We’ve all heard that familiar quote about continuing to do something the exact same way you’ve done it in the past yet expecting a different result. It’s like a dog chasing its tail. Is your nonprofit constantly chasing elusive solutions?

Speaker colleague Stephen Shapiro is an expert on innovation. His book Best Practices Are Stupid examines why applying conventional solutions to conventional problems can be a barrier to success. Stephen's book provides action strategies for incorporating innovative thinking as a way to identify effective approaches to organizational issues. He offers three reasons why best practices are stupid.

  • Replication is not innovation. If you are copying others, you are playing a game of catch-up.
  • What works for one organization may not work for another because there may be no cultural or strategic fit.
  • Practices we label as best may not even be the reason an organization has become successful.

According to Stephen, it's often a fresh perspective that generates breakthrough solutions. New product applications (think back to sticky notes) that completely revitalize a business and generate answers to difficult problems can come from sources with no apparent connection to those struggling with a tough challenge. This requires thought, and it begins with an evaluation of current practices.
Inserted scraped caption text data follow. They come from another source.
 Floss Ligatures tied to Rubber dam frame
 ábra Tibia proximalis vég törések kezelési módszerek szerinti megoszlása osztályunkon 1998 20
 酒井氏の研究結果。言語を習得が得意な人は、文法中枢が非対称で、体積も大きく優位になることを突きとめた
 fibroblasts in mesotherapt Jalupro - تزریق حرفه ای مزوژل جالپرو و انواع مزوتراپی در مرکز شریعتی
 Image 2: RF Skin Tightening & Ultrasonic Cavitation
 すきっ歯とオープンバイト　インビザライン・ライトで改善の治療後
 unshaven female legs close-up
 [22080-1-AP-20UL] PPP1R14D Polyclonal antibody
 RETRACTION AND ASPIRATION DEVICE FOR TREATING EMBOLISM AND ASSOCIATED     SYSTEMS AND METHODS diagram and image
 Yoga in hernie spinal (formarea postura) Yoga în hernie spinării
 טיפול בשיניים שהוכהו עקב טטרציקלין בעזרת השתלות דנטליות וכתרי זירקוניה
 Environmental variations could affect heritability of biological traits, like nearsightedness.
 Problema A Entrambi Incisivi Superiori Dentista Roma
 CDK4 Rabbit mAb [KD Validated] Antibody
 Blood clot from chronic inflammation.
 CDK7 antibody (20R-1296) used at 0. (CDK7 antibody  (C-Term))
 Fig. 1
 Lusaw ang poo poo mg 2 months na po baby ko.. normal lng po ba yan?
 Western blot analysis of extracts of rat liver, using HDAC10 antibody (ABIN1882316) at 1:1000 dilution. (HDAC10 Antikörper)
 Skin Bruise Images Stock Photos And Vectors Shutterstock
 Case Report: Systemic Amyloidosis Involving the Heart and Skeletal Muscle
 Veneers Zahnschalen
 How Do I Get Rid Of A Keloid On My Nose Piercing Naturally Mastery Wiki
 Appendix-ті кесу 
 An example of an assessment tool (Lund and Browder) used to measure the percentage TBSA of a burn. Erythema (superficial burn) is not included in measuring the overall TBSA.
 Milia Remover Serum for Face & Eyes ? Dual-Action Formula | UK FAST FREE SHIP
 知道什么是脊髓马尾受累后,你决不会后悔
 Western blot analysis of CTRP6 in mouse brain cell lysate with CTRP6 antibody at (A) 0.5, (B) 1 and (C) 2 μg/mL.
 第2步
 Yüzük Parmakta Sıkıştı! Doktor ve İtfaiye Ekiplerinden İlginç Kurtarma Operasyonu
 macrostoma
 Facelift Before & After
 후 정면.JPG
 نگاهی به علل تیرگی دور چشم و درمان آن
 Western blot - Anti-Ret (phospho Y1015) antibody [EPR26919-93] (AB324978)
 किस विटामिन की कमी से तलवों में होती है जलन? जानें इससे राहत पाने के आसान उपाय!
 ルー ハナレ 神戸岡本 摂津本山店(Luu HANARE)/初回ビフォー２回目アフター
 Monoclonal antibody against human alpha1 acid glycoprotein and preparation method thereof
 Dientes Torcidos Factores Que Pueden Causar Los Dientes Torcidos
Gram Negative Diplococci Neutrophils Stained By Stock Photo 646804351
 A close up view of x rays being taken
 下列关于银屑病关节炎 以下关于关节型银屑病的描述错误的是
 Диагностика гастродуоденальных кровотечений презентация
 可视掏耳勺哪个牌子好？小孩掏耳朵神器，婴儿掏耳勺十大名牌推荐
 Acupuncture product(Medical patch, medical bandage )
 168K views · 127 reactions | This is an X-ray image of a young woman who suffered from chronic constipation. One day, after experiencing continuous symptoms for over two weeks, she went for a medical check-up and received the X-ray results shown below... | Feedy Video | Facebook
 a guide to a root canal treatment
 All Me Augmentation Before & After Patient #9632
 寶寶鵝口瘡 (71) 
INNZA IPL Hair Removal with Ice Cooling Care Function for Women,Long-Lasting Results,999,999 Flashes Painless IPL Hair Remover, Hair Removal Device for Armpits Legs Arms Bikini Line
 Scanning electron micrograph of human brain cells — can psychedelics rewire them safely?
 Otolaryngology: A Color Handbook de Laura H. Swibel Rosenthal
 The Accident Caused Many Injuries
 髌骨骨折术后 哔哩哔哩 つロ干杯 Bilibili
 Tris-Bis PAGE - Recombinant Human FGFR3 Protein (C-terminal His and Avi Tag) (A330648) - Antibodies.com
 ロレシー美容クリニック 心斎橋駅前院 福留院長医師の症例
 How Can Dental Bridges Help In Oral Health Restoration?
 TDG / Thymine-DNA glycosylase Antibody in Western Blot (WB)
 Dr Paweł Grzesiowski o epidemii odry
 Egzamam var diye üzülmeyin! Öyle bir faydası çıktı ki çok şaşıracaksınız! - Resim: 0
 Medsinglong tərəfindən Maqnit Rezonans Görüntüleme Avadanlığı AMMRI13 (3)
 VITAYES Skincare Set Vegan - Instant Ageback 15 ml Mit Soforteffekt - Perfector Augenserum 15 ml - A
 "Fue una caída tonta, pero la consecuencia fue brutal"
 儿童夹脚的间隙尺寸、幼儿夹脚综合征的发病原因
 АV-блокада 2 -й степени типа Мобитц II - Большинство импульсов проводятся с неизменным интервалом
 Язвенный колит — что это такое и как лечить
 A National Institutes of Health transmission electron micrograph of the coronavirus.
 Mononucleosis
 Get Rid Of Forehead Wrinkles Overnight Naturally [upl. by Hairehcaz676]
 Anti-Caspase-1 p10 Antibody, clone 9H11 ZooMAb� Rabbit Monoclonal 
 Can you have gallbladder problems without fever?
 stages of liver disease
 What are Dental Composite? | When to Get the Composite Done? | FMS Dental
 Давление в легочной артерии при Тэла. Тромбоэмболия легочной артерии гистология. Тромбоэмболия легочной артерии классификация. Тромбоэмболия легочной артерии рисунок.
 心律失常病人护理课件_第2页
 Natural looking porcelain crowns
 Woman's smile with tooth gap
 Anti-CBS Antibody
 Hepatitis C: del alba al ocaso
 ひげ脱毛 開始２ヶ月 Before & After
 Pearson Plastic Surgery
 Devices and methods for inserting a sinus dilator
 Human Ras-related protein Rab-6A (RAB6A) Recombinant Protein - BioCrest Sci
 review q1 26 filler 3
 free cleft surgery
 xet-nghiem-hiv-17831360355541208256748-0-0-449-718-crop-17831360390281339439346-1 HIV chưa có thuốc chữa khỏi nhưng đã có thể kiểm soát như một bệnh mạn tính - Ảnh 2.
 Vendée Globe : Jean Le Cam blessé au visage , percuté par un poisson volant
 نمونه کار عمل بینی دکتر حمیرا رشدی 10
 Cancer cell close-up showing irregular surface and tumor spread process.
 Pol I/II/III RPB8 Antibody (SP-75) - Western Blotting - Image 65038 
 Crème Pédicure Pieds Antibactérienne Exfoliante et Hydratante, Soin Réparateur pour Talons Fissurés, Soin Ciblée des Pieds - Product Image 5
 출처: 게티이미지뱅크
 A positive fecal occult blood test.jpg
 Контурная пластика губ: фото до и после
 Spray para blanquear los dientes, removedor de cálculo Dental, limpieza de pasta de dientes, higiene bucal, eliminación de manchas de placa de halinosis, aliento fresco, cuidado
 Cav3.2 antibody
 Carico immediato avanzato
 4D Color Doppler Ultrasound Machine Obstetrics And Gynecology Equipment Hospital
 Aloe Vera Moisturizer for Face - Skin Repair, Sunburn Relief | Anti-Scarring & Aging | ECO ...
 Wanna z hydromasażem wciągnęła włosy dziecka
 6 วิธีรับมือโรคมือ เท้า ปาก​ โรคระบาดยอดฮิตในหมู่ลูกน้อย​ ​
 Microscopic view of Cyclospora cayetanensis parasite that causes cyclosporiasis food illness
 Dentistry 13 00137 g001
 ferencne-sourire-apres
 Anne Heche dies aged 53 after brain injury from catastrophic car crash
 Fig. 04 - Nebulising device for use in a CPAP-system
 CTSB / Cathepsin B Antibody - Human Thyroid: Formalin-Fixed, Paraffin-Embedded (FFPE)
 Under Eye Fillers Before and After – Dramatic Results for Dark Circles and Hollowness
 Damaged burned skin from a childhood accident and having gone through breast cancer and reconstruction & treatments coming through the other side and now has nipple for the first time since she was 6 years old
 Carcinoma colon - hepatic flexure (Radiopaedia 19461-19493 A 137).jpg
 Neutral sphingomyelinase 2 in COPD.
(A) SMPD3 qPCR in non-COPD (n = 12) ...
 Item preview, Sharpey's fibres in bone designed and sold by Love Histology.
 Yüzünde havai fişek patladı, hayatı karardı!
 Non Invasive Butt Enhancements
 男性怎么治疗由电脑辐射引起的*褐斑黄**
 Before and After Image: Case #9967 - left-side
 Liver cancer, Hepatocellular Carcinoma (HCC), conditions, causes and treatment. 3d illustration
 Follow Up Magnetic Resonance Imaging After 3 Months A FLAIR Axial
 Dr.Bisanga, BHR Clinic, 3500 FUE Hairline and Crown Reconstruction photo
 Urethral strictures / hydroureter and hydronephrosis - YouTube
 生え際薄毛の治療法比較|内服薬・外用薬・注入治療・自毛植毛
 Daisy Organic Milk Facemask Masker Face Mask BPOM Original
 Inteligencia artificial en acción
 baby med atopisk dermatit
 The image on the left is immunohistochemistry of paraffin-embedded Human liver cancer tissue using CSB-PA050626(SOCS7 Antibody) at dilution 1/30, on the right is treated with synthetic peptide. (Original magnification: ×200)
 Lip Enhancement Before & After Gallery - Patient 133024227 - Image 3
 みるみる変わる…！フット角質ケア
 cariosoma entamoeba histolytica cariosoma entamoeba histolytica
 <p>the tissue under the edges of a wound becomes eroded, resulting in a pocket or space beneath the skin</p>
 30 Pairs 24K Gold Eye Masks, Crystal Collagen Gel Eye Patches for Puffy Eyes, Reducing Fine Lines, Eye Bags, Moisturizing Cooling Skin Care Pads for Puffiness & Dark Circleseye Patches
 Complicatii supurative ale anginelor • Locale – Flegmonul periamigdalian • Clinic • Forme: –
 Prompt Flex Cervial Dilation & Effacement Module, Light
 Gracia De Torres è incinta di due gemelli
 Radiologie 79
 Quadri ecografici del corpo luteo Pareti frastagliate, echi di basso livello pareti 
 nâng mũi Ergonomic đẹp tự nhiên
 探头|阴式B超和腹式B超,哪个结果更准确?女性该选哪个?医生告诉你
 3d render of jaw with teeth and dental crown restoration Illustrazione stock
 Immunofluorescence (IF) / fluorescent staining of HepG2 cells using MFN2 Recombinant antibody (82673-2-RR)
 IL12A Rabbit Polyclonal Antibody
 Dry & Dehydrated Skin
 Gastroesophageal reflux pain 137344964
If you review a particular program or process and you find its justification is the familiar “we’ve always done it that way,” consider that to be a red flag for digging deeper into whether or not it should be continued. But be mindful; some practices may only require modification. Don’t just mindlessly toss out what’s old.

Start innovation by answering these three questions.

  • What current practices should you reconsider?
  • What new practices should you adopt?
  • Who or what resources can be a source of transformative thinking for your nonprofit?

Identify your “that’s-the-way-we’ve-always-done-it practices.” They are holding back your “what’s-possible.”